Hyperparameter Optimization (HPO) aims at finding a well-performing hyperparameter configuration of a given machine learning model on a dataset at hand, including the machine learning model, its hyperparameters and other data processing steps. Thus, HPO frees the human expert from a tedious and error-prone hyperparameter tuning process.

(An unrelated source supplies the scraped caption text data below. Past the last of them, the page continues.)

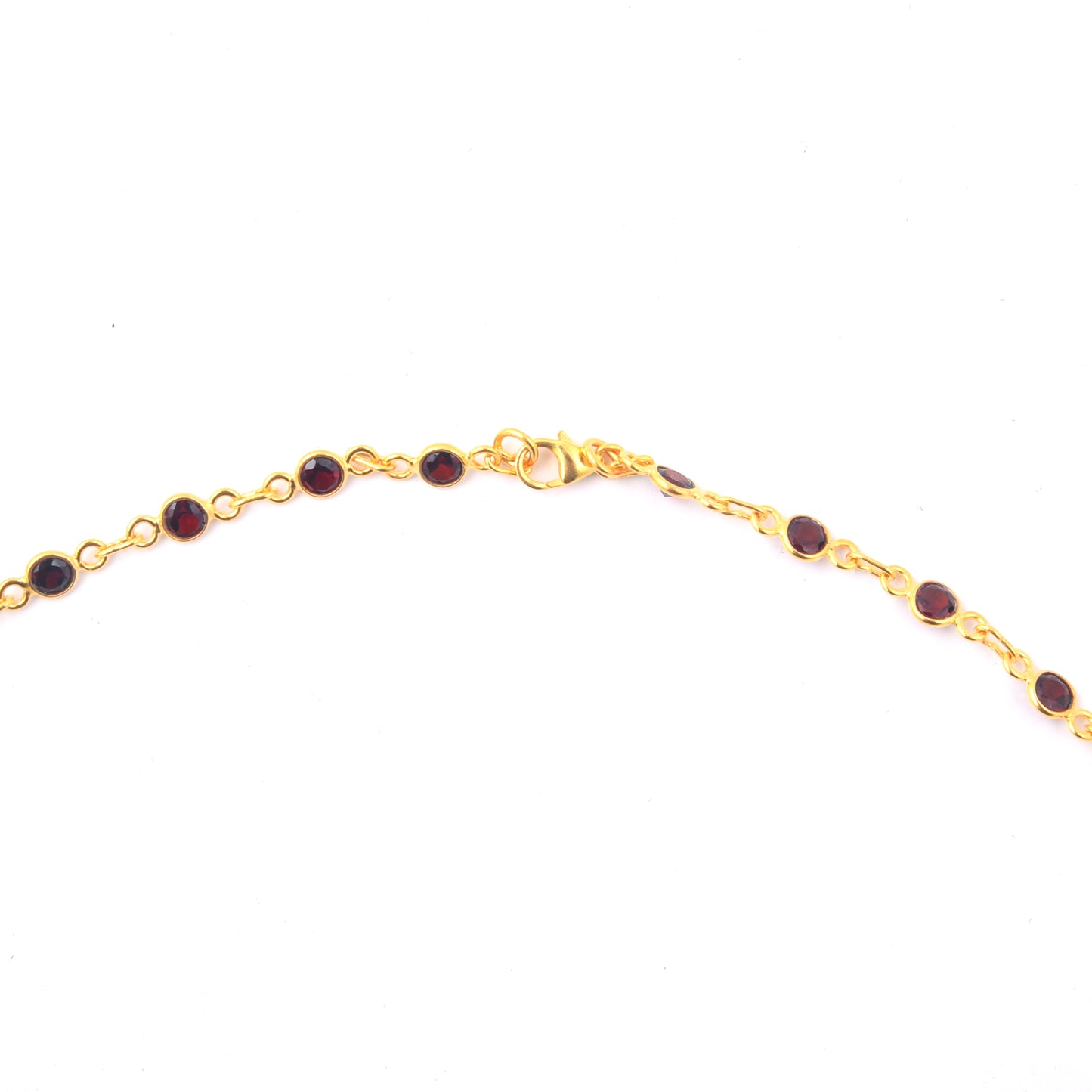 10.84 Ct Round Garnet 925 Sterling Silver Necklace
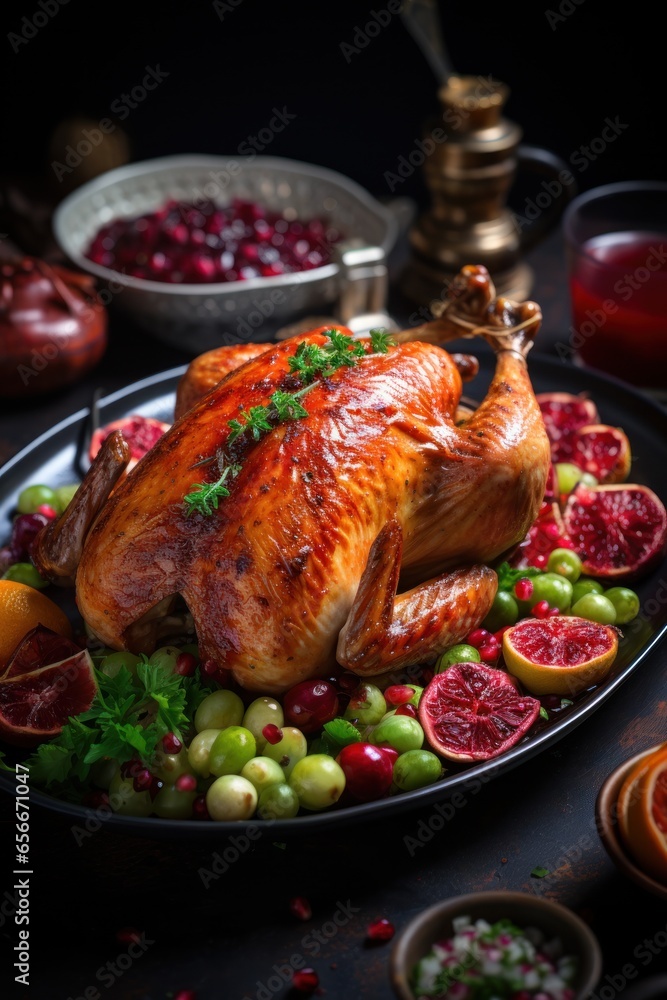 Thanksgiving chicken with veggies and herbs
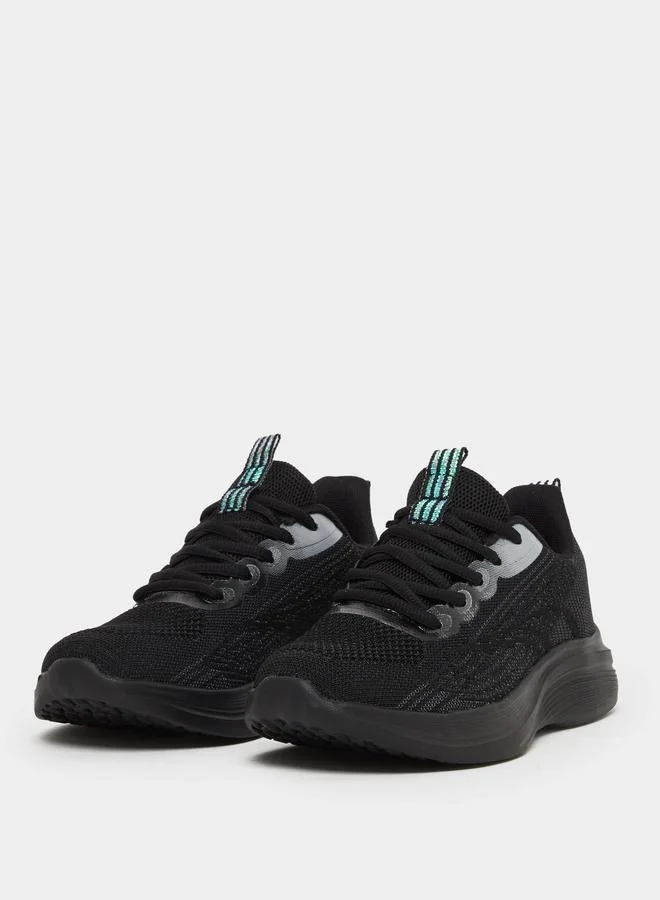 ستايلي Styli Textured Mesh Lace Up Sneakers
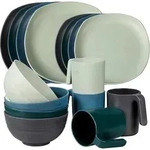 Kombiservice, Mehrfarbig, Kunststoff, 24x7.6x24 cm, Essen & Trinken, Geschirr,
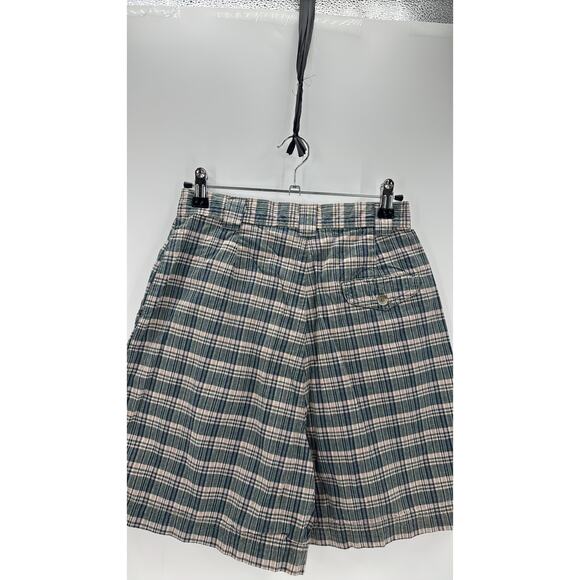 Vintage Partners plaid front pleated 90s high waisted Bermuda lpreppy shorts - Picture 6 of 9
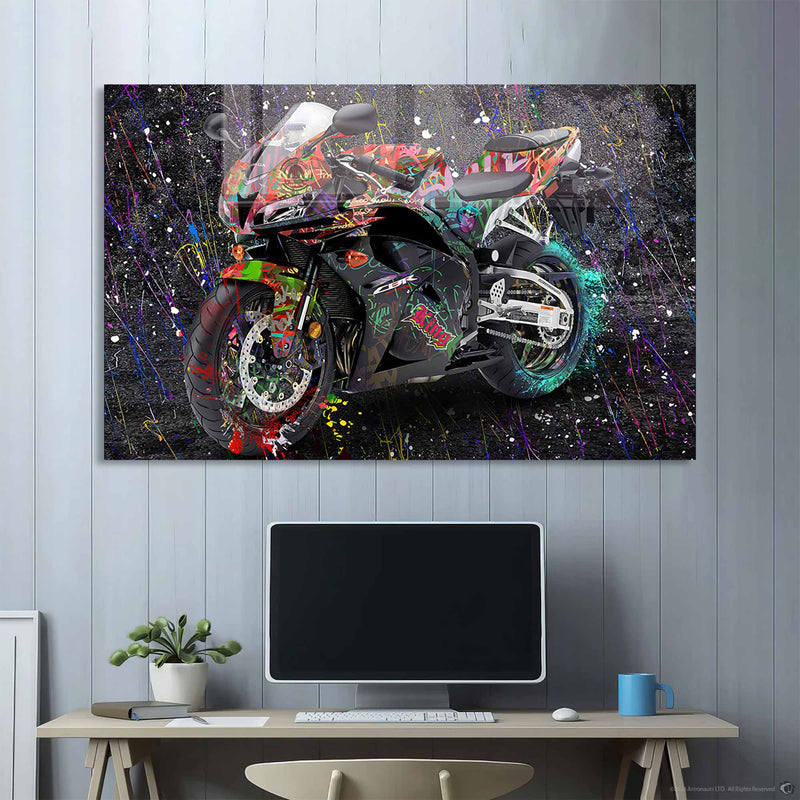 Renkli Motosiklet Cam Tablo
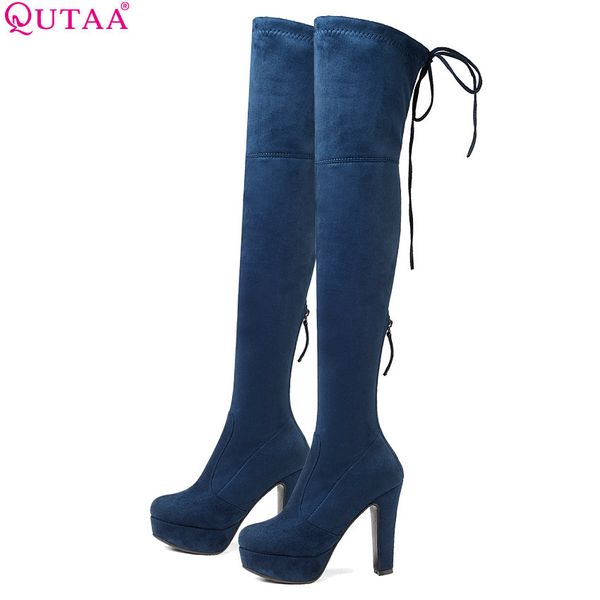 

qutaa 2020 women winter shoes platform over the knee high shoes plartorm lace up keep warm squae high heel women boots size34-43, Black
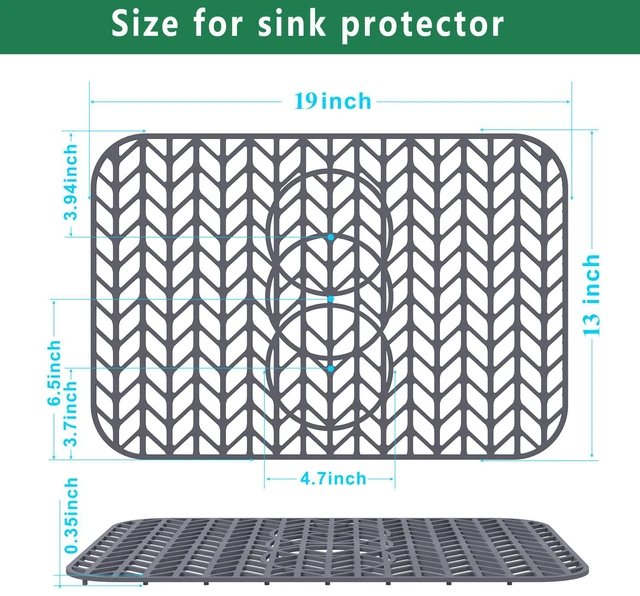 Alt view image 7 of 7 - Sink Protectors for Kitchen Sink 19x13 & 24x12.5 & 13x11 & 26x14 & 28x14 & 29x15, Large Silicone Mats Grid for Bottom of Farmhouse Stainless Steel (19x12.5 with 3 Reserved Holes)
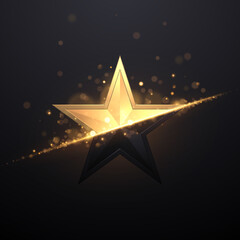 Wall Mural - black and gold star with light effect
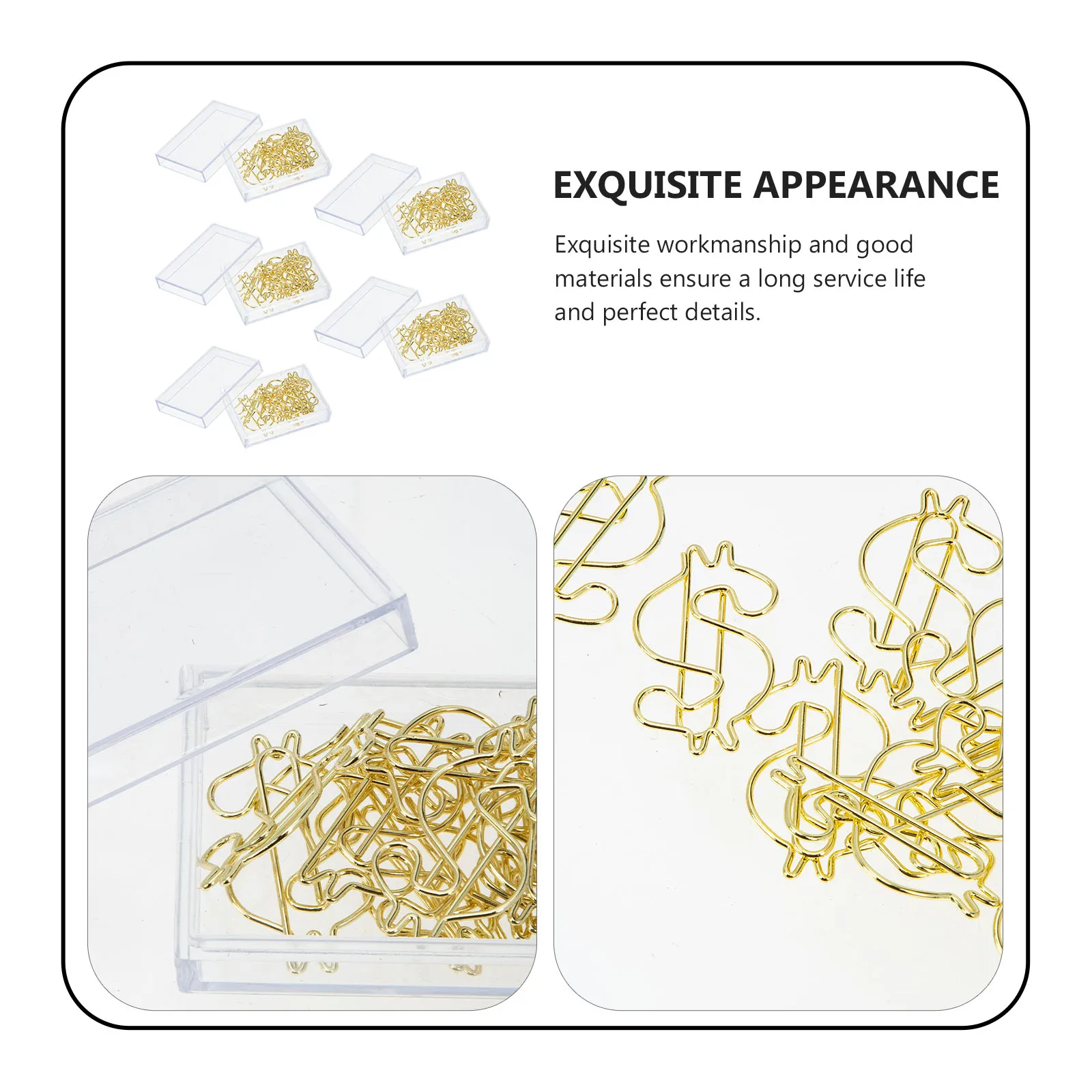 50개 달러 모양 합금 종이 클립 금 도금 책 페이지 마커 스타일리시 스크랩북 장식용 사무실 학교 용품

The loss landscape of a HPO problem is typically unknown (e.g., we need to solve a black-box function) and expensive to evaluate. Bayesian Optimization (BO) is designed as a global optimization strategy for expensive black-box functions. BO first estimates the shape of the target loss landscape with a surrogate model and then suggests the configuration to be evaluated in the next iteration. By trading off exploitation and exploration based on the surrogate model, it is well known for its sample efficiency.
- SMAC is a versatile tool for optimizing algorithm hyperparameters, implementing different surrogate models, acquisition functions and model transformations.
- BOHB implements a variant of TPE as a BO approach.
Combined Algorithms Selection and Hyperparameter Optimization (CASH)
An AutoML system needs to select not only the optimal hyperparameter configuration of a given model, but also which model to be used. This problem can be regarded as a single HPO problem with a hierarchy configuration space, where the top-level hyperparameter decides which algorithm to choose and all other hyperparameters depend on this one. To deal with such complex and structured configuration spaces, we apply for example random forests as surrogate models in Bayesian Optimization.
- Auto-sklearn provides out-of-the-box supervised machine learning by modelling the search space as a CASH problem.
- Auto-Pytorch is a framework for automatically searching neural network architecture and its hyperparameters and also makes use of a structured configuration space.
- SMAC implements a random forest as a surrogate model which can efficiently deal with structured search spaces.
The increasing data size and model complexity makes it even harder to find a reasonable configuration within a limited computational or time budget. Multi-Fidelity techniques in general approximate the true value of an expensive blackbox function with a cheap (maybe noisy) evaluation proxy and thus, increase the efficiency of HPO approaches substantially. For example, we can use a small subset of the dataset or train a DNN for only a few epochs.
- Auto-sklearn increased its efficiency in version 2.0 by using multi-fidelity optimization.
- Auto-Pytorch was designed as a multi-fidelity approach from the first moment and demonstrates how important it is for AutoDL.
- SMAC implements the approach of BOHB, by combining Hyperband as a multi-fidelity approach and Bayesian Optimization.
Evaluation of AutoML and especially of HPO facesmany challenges. For example, many repeated runs of HPO can be computationally expensive, the benchmarks can be fairly noisy, and it is often not clear which benchmarks are representative for typical HPO applications. Therefore, we develop HPO benchmark collections that improve reproducibility and decrease the computational burden on researchers.
- HPOBench (formerly HPOlib) is a benchmark collection for HPO benchmarks.
- ACLib is a benchmark collection for algorithm configuration
The book “AutoML: Methods, System, Challengers” provides a concise overview about HPO.